Catastrophic Data Loss and a New Direction
Just as the system finally became functional, my computer suffered a severe BIOS error. This occurred shortly after my Google accounts had been compromised, leaving my local machine as the sole repository of all my data. The failure resulted in the loss of everything — not only Datacentral, but also the years of notes that had originally motivated its creation. The only surviving file was the one responsible for generating the Kubernetes architecture.
This event fundamentally changed the direction of Datacentral. Until then, the system had been tightly coupled to the Google Drive API, which complicated the codebase and constrained the design. The loss of my Google data removed this dependency entirely. It also forced me to confront the messy legacy code that had accumulated over the years. Rewriting the add‑ons from scratch made them dramatically faster and cleaner.
During this period, I also discovered the Solid project. Its emphasis on personal data pods aligned closely with the philosophical foundations of Datacentral, and integrating Solid became a natural extension of the system’s evolution.

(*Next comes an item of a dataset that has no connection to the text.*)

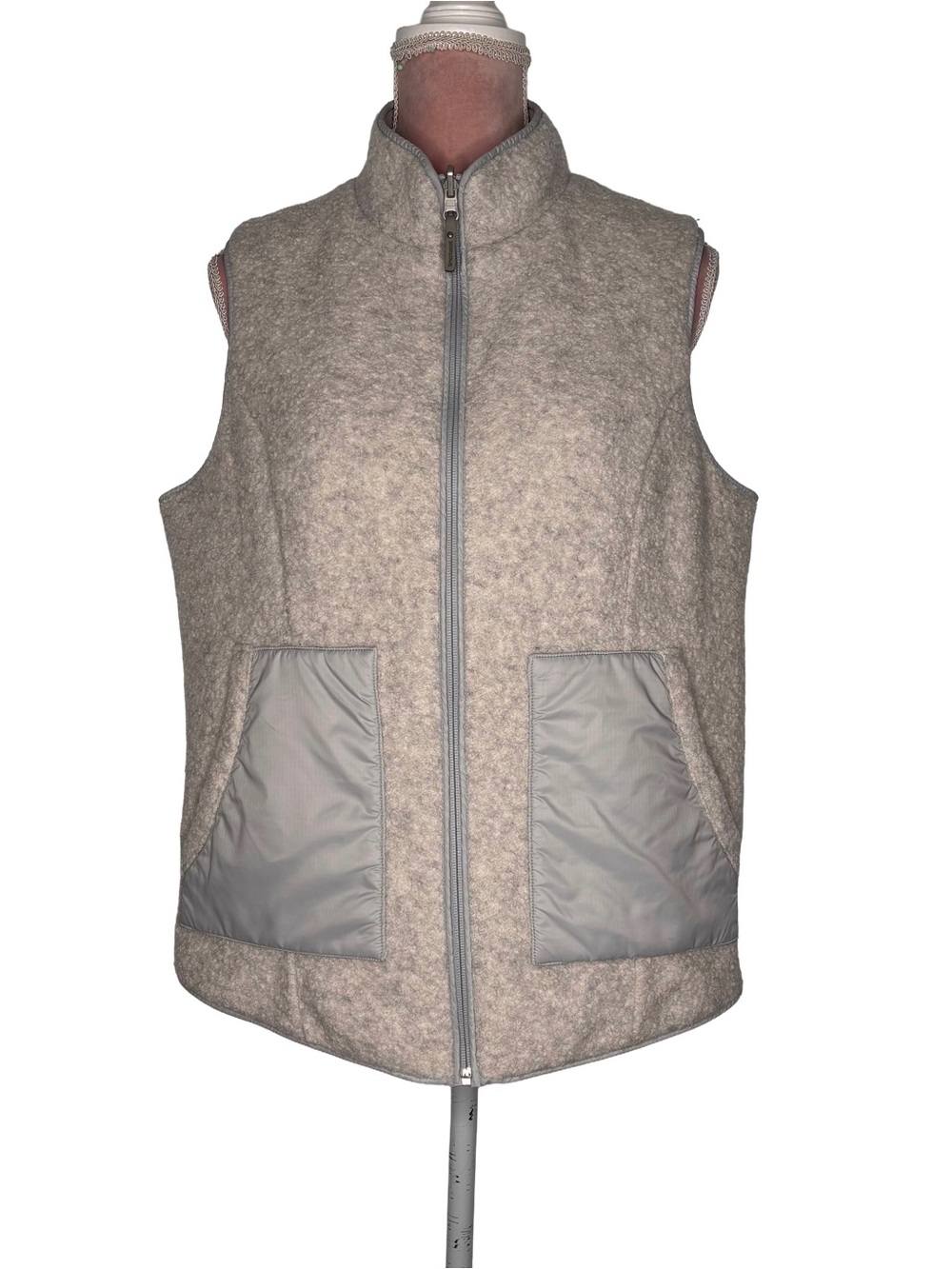 Smartwool Second Cut Fleece Vest in Gray & Blue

Research papers and datacentral philosopy
After rebuilding datacentral it became grounded in a base level of operation. Once this occured and the system as a whole was at a point where it was usable I wrote a specification file for my add ons which was something I always intended to do. The specification file means that anyone can create the same add on as long as it follows the specification and it will integrate into the datacentral ecosystem exactly the same. I then wrote an essay called “Are ideas alive? How historical civilisations were governed by ideas” which synthesised the disciplines which acted as the ideological precursors of the way I see datacentral into a coherent framework. I also adapted an old research paper I made which analysed the effect technological systems had on social chaos in current society - I adapted the part on reccomendation algorithms into a new research document, repeating the experiment and synthesised both of these documents into a coherent framework for a “tagging component” - the original basis of datacentral tracing back to the kivy era which I then implemented. I then integrated the tagger component and my scheduling project into datacentral.
Redesign
After analysing datacentral I realised the main reason the development process is so slow is because of the converting changes into images, saving those images and uploading them to Google drive. This process is overkill and largely unnecessary for most use cases. Instead I will simplify this by converting add ons into apps with react native (rewriting them in react native) and electron natively.

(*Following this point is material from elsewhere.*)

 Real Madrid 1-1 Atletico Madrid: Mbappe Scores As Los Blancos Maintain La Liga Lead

I implemented the tagger component in react native. I realised that the solid project had become irrelevant in this new paradigm where my addons would connect to my server component. I also decided to redesign my server component to be able to be user controlled for example the user could now connect computers directly inside of the server component.
In a similiar vein, I decided to make yggdrasil and kubernetes legacy and switch to tailscale as my peer to peer encrypted bridge. Both yggdrasil and tailscale ve flaws however the flaws of tailscale were more manageable at the time.